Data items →
☆ ☆ ☆ ☆ ☆ ☆ ☆

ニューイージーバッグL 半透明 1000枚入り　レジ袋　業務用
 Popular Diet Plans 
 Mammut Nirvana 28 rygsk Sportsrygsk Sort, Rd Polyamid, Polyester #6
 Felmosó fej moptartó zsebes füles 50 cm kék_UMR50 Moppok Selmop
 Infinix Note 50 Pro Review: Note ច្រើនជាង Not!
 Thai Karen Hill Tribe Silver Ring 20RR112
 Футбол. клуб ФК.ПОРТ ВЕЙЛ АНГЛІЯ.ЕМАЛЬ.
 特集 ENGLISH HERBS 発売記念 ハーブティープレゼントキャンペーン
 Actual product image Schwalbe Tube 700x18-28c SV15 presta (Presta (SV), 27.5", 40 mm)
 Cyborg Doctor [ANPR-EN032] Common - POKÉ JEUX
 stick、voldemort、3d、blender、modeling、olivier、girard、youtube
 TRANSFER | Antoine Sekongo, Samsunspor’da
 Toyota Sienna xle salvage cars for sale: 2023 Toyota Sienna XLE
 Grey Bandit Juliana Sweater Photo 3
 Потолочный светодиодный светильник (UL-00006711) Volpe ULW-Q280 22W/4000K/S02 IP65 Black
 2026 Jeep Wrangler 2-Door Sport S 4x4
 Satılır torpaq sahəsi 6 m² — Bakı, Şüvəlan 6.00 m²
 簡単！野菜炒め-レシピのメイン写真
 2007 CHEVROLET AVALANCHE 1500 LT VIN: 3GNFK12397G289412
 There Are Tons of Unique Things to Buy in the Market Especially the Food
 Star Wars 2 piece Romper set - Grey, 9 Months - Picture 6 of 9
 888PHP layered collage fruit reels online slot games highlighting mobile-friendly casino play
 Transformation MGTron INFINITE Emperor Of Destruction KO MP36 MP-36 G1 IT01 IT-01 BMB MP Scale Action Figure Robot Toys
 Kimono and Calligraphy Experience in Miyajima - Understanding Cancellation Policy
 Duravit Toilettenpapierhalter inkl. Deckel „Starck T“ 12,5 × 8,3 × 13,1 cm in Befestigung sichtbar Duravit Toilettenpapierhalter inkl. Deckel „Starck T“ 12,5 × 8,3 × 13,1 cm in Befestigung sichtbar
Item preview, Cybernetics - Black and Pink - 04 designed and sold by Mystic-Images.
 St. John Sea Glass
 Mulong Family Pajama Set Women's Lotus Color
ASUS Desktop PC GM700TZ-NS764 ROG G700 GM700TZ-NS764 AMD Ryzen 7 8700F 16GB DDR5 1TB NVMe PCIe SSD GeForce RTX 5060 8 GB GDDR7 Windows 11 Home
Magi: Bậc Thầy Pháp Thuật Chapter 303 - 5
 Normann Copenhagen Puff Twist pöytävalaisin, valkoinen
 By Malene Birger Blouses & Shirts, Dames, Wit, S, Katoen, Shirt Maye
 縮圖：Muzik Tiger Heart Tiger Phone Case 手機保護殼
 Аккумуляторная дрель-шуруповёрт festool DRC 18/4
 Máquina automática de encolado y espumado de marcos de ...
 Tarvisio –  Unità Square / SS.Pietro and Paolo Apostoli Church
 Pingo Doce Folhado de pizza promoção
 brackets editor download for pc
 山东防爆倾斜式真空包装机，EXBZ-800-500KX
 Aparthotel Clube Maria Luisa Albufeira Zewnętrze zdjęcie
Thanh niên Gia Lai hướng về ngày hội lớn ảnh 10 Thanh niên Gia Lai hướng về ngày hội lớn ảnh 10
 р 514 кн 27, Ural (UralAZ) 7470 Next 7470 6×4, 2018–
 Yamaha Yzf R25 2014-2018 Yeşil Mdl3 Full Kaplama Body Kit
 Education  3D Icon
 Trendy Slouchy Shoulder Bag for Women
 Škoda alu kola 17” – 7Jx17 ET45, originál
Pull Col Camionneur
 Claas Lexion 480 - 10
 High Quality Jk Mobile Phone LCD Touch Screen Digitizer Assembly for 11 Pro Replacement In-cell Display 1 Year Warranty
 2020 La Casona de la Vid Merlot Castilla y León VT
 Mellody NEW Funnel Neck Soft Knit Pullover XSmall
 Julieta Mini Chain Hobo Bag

☆ ☆ ☆ ☆ ☆ ☆ ☆

What you should do →
Show each line of the records above containing "Women".

Solution to this problem →
 Mulong Family Pajama Set Women's Lotus Color
 Trendy Slouchy Shoulder Bag for Women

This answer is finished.